Anyway, heise is fun, right?
M' U R U' r' // EO preserving block making block
U R U' R' U2 R U R U2 L D2 L' U2 L D2 L' R2 // AB3c but it cancels into its own 3 cycle

My best LSLL yet I think

Next: R U2 R' U2 F' U2 F U R U' R' U' F' U F U2 R U R' U F' U F R U2 R' U' F' U' F R U2 R'


----------



## tsmosher (Jun 2, 2022)

IsThatA4x4 said:


> What do you mean Swagrid?
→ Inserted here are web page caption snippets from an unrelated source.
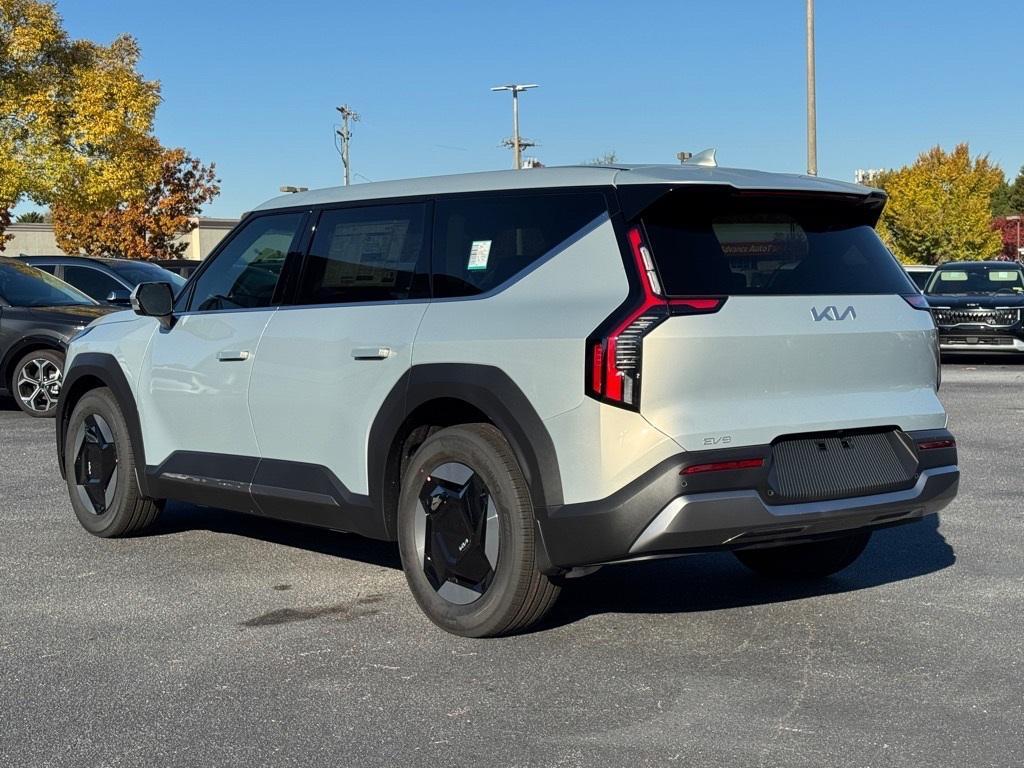 new 2026 Kia EV9 car, priced at $57,298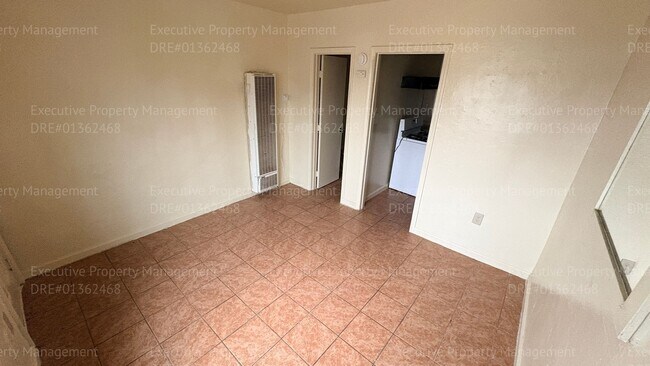 Foto del edificio - 105 E 8th St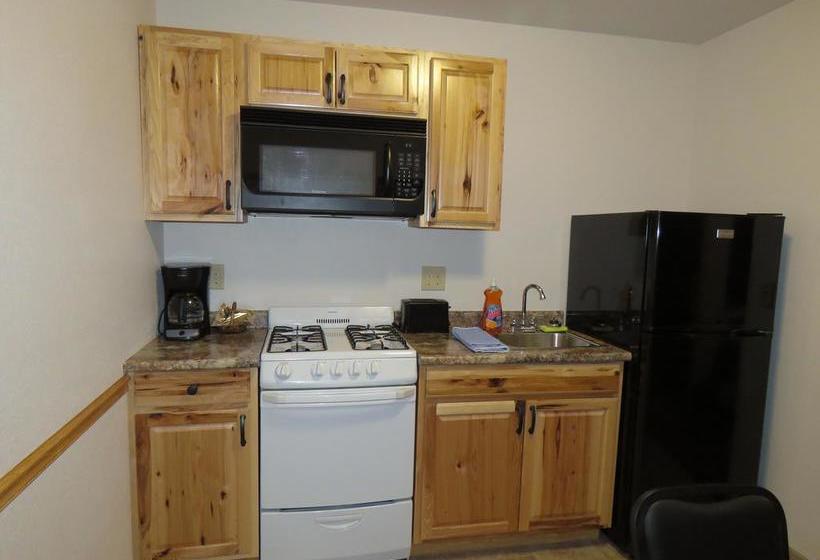 فندق على الطريق North Park Inn & Suites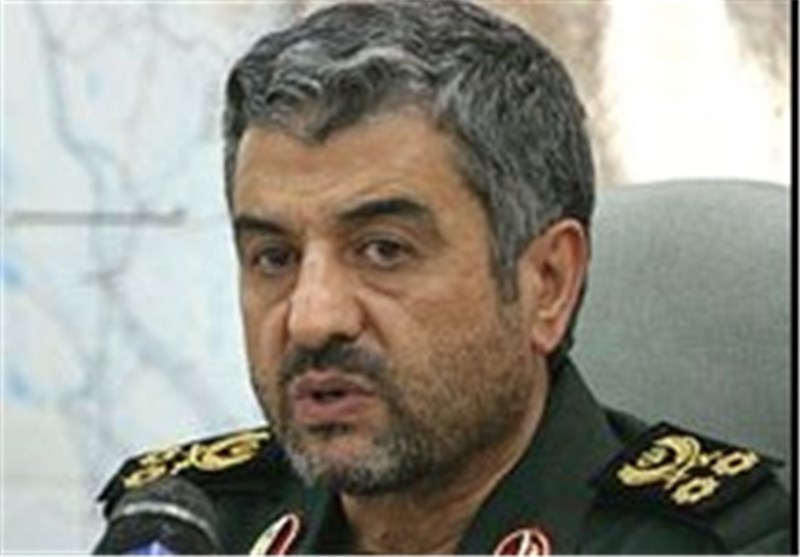 IRGC Ready to Help with Economic Problems, Commander Says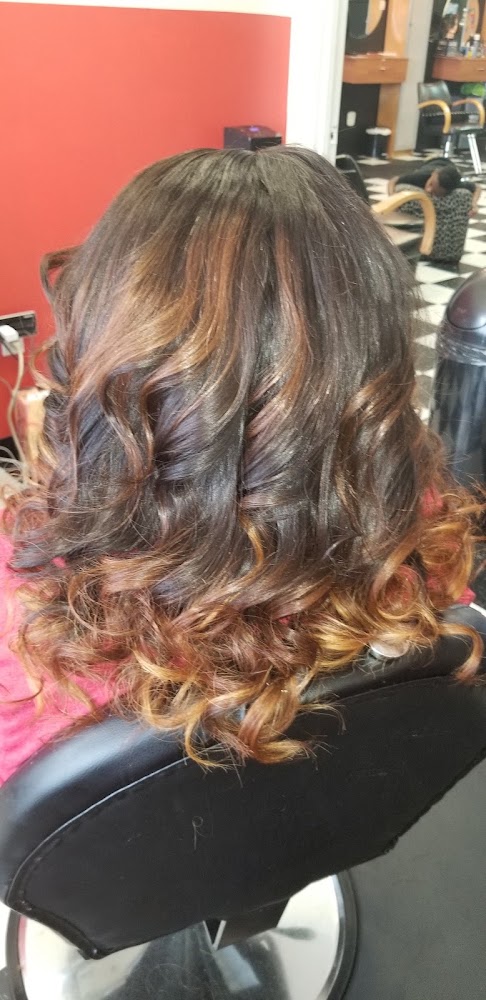 Sonya Renee Hair studio view 4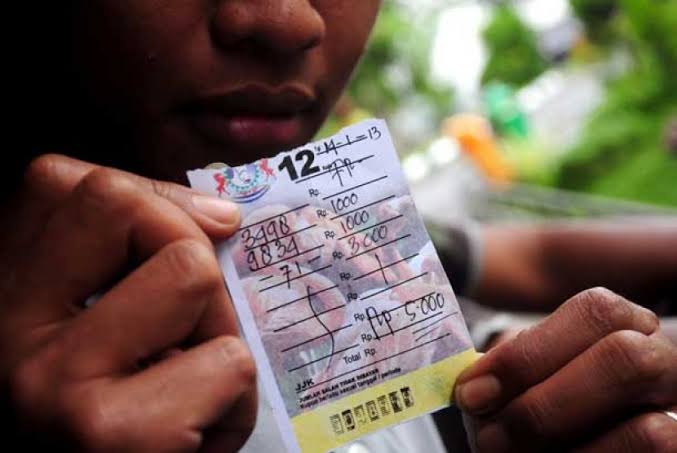 Diduga Jual Kupon Judi Togel, Pasangan Suami Istri di Kotamobagu Ditangkap Polisi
It's obviously a pseudo-LSLL scramble transformed by a x2 B' F' U' F R2 D' U L' U L R' U R U2 L' U' L2 U L' D' L' U' L D. Can't believe you didn't know better...
> 
> Anyway, heise is fun, right?
> M' U R U' r' // EO preserving block making block
> ...



U' R2 U2 R' U' R U' // LS (7)
R' U' r' F R' F' r // CLL (7/14)
U M' U2 M U M' U M U' M' U M // ELL (12/26)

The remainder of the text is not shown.